Credit: Politecnico di Milano
An entire building at the Politecnico di Milano becomes an open-air experimental laboratory for analysing, monitoring and improving the built environment in real time. The NextBuild Living Lab, a strategic project under the ABC Department – Architecture, Construction Engineering and Built Environment – at the Politecnico di Milano, was inaugurated yesterday in the presence of Emilio Faroldi, Executive Vice Rector of the Politecnico di Milano, and Stefano Capolongo, Director of the ABC Department.
The laboratory is located in the redeveloped spaces in the ABC Department on Campus Leonardo and forms an integrated research ecosystem. The real news? The buildings themselves become scientific instruments, with indoor and outdoor environmental sensors that constantly measure air quality, temperature, humidity, space occupancy and energy consumption. This data powers a digital twin of the building that virtually replicates environments and enables advanced simulations to improve comfort, safety, wellbeing and sustainability.
‘We live in a period of global challenges that require us to rethink living environments. The construction sector, which has always driven the economy and development, is called to update its design and production paradigms. The NextBuild Living Lab is a concrete response to this need,’ says Donatella Sciuto, Rector of the Politecnico di Milano, stressing the strategic value of the initiative. ‘We are not inaugurating a laboratory, but a model to address major issues in urban sustainability, energy efficiency, building safety and social resilience.

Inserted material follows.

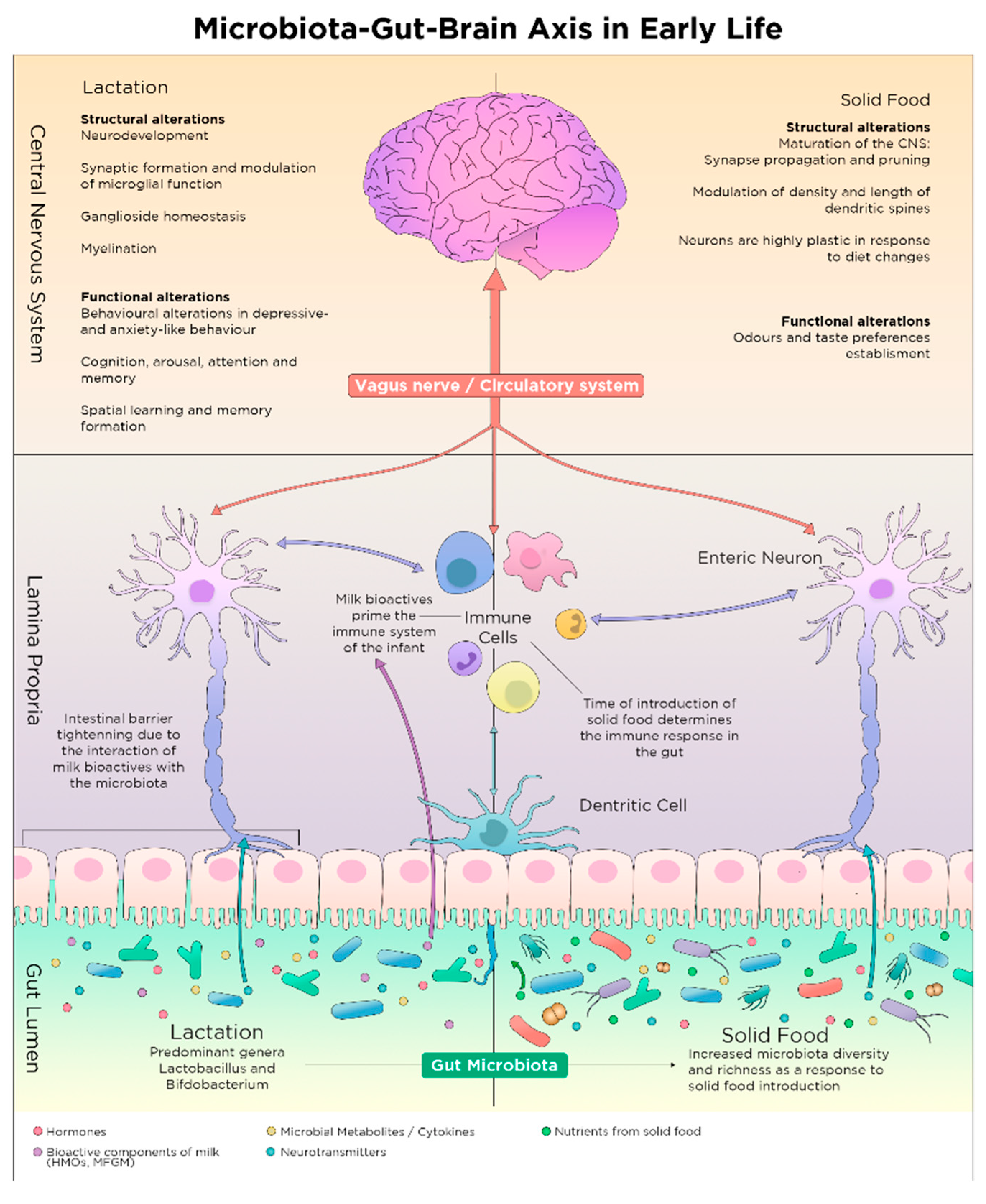 Nutrients 13 00423 g002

The research that comes out of environments like this is a resource for the university, the city and the territory.’
‘Today it is no longer sufficient to design high-performance buildings. We need to build spaces that can communicate with the people living there and adapt to people's real needs. The NextBuild Living Lab was created for this purpose: to turn users into actors of change at the heart of designing and managing environments,’ says Stefano Capolongo, Director of the ABC Department at the Politecnico di Milano.
At the heart of the project is the user experience. Users are not only observed, but also become an active part of the research. People’s daily behaviour generates data that helps improve spaces and promote virtuous behaviour. If, for example, the sensors detect a high level of CO2 in a room, a ‘smart pop-up’ system tells the person to ventilate the room.

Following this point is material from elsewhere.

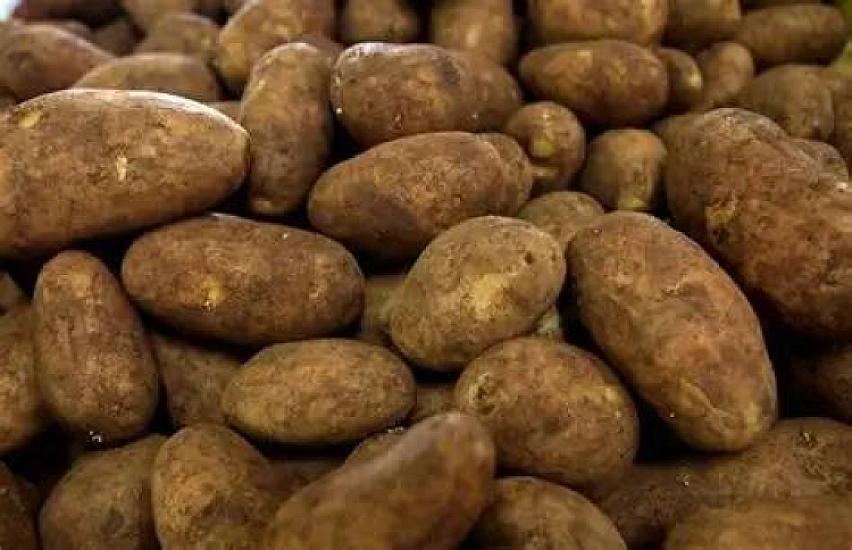 Technical potatoes sold in markets: How can buyers distinguish them?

The UX Lab, located on the first floor, is used to study the relationship between the environment and individuals on a physiological and cognitive level using biometric devices, intelligent sensors and virtual reality. The data is collected and visualized on a secure, accessible platform that benefits the entire scientific and professional community while respecting privacy.
The NextBuild Living Lab involves over 15 laboratories in the ABCLab system at the Politecnico di Milano, with skills ranging from 3D surveying to indoor comfort, from ergonomics to digital building management. It is designed not only as fixed infrastructure; a mobile modular structure will be built next to building 15 to replicate the model in other urban and environmental contexts.
This unique infrastructure serves the sustainable transformation of the built environment, which strengthens the role of the Politecnico di Milano as a reference in research and innovation regarding the future of cities.